- What to produce -
Output nothing but the lines from the one holding "GURU - Teddy Bear - black - Front" to the end of the listing. Reproduce them exactly, without the pictures.

- Data listing -

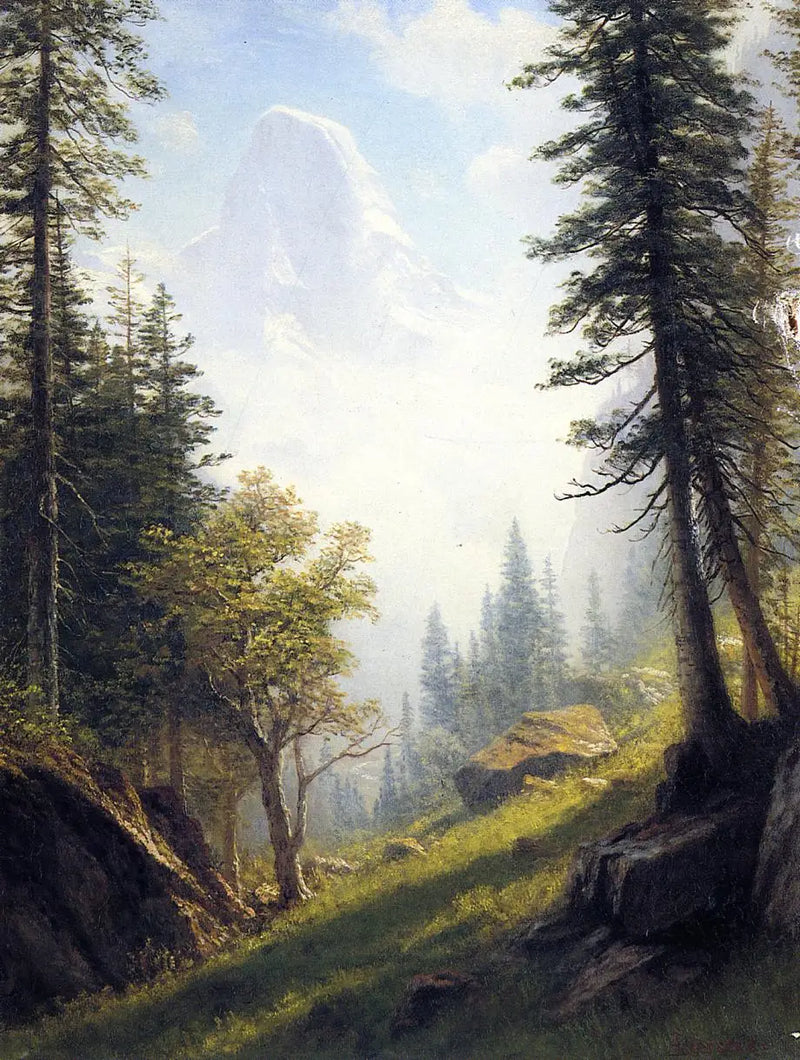 Mezi bernskými Alpami - Albert Bierstadt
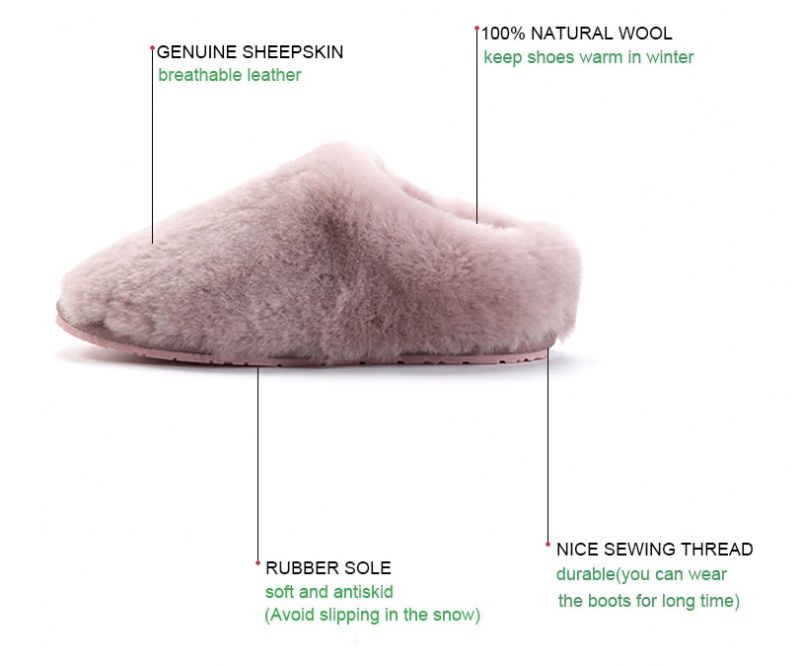 Armonia Slippers - CIEMNY RÓŻ
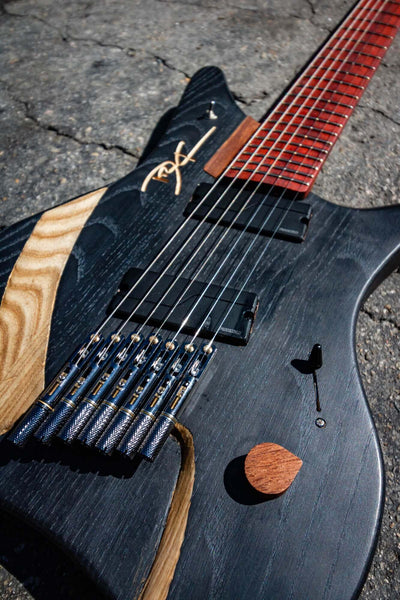 Hardwax oil wood electric guitar finish.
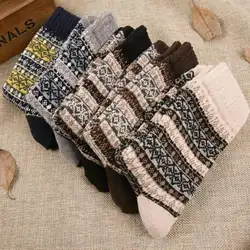 Высокое качество 1 пара Новые модные практичные мужские носки ретро этнические носки удобные носки теплые зимние носки для экипажа ~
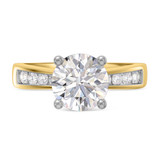 Photo of Clari 2 1/4 ct tw. Lab Grown Diamond Round Solitaire Engagement Ring 10K Yellow Gold [BT1658YE-L195]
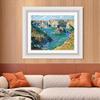 INVIN ART Framed Canvas Art Giclee Print Port Donnant, Belle Ile (1886) by Claude Monet Wall Art Living Room Home Office Decorations(Modern Simple White Frame with Mat,20"x24") view 2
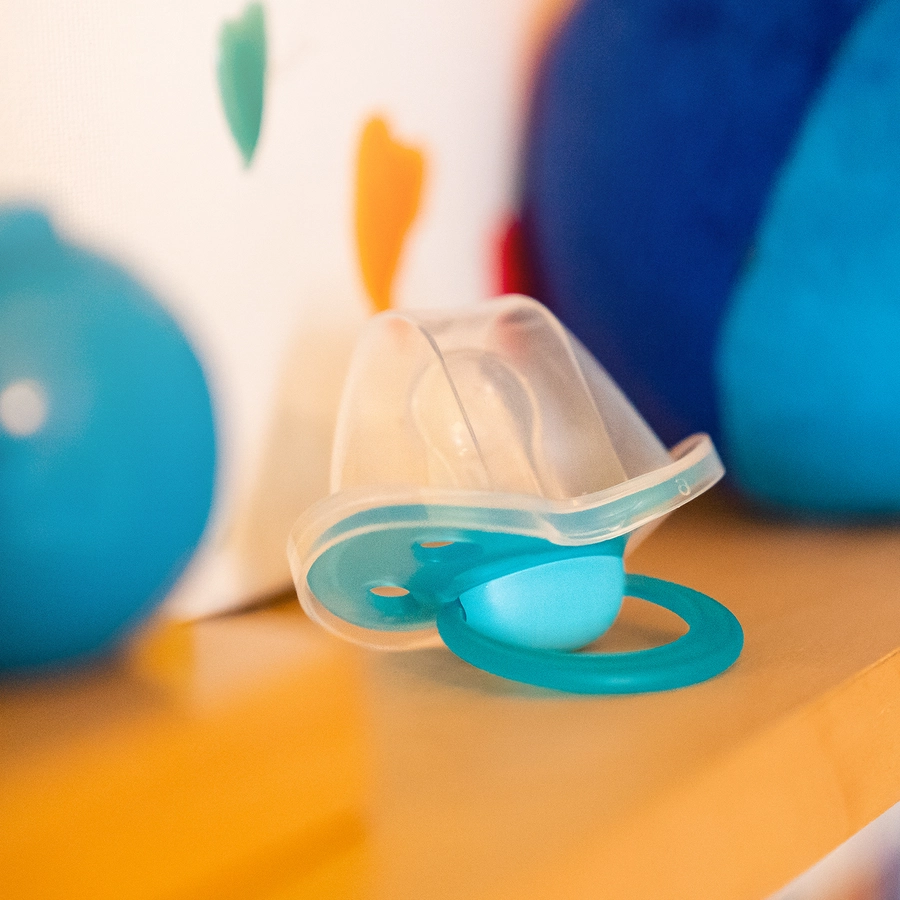 Medela Baby Schnuller Original 0-6 Monate DUO Signature 4 Stück in türkis
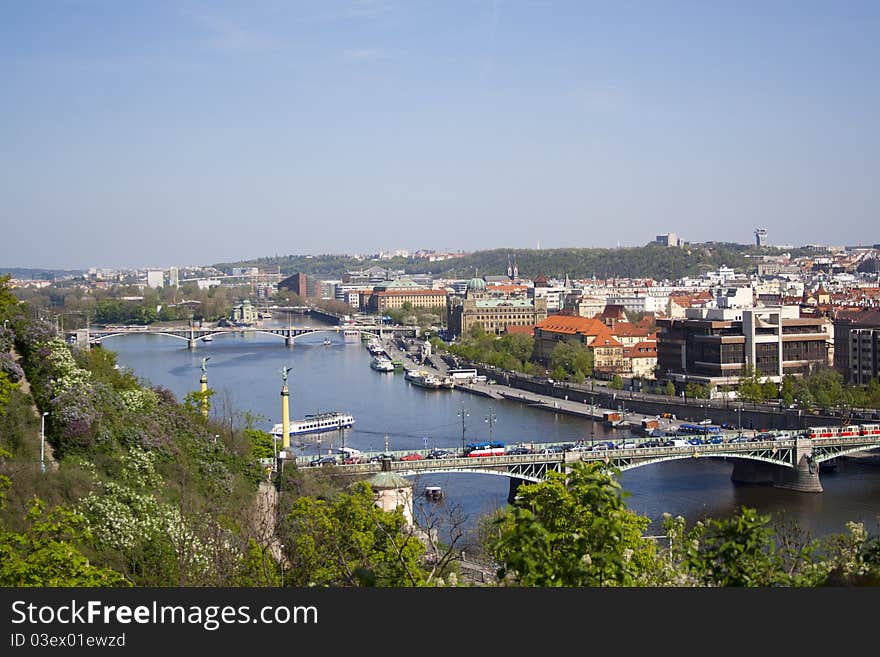 Beautiful Views Of The City In Summer.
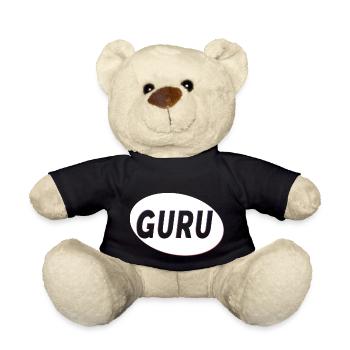 GURU - Teddy Bear - black - Front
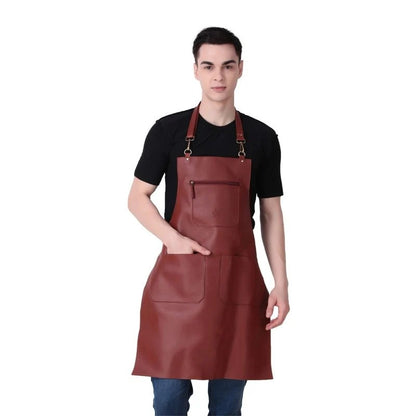 Premium Brown Leather Work Apron
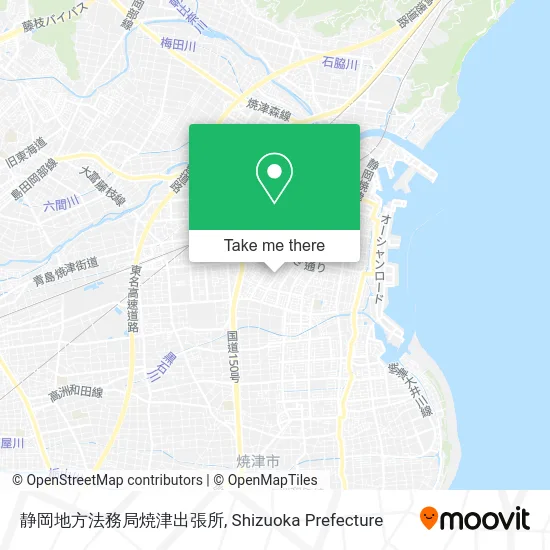 Shizuoka Local Legal Affairs Bureau Yaizu Branch map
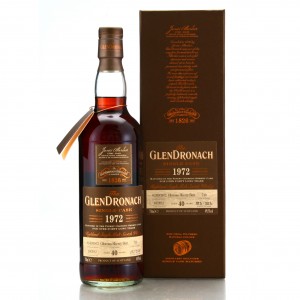 Glendronach 1972 Single Oloroso Cask 40 Year Old #710 / Batch 7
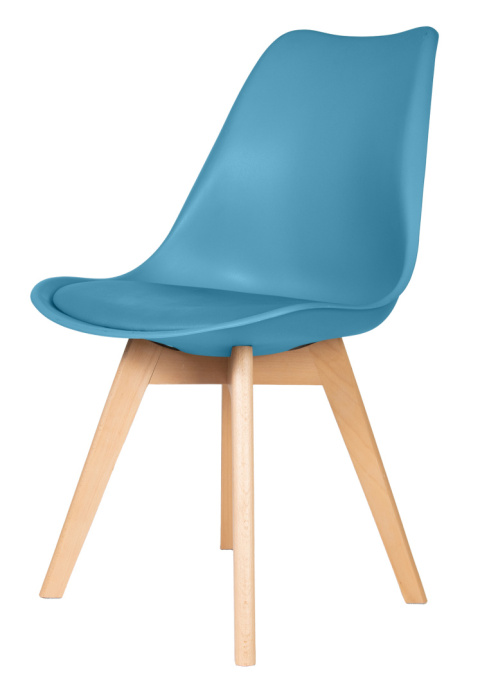 Krzesło Skandynawskie Lapo Niebieskie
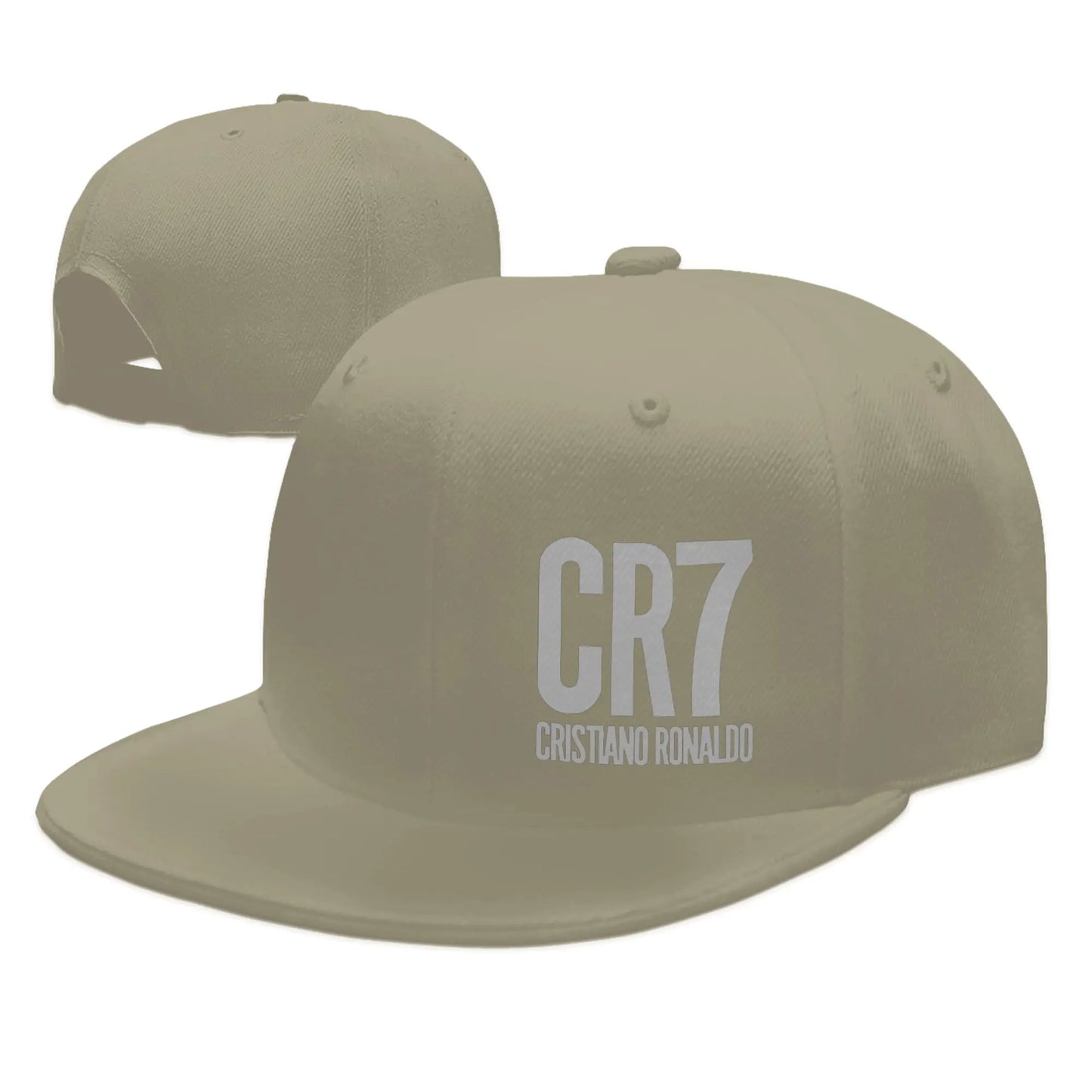CR7 Cristiano Football Denim Snapback Cap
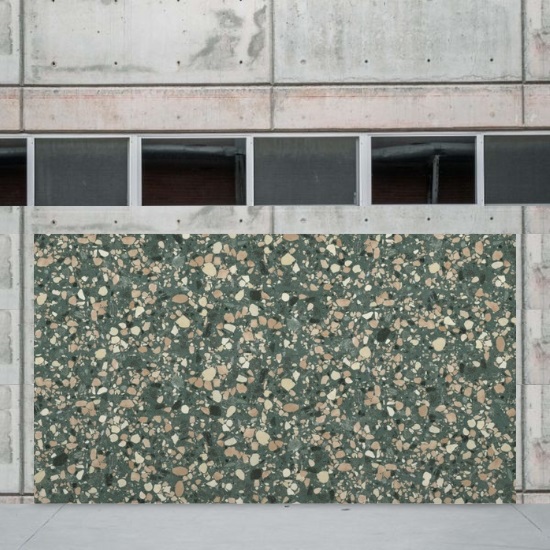 green Terrazzo Palladio Fenice slab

- Response to the exercise -
 GURU - Teddy Bear - black - Front
 Premium Brown Leather Work Apron
 Shizuoka Local Legal Affairs Bureau Yaizu Branch map
 Glendronach 1972 Single Oloroso Cask 40 Year Old #710 / Batch 7
 Krzesło Skandynawskie Lapo Niebieskie
CR7 Cristiano Football Denim Snapback Cap
 green Terrazzo Palladio Fenice slab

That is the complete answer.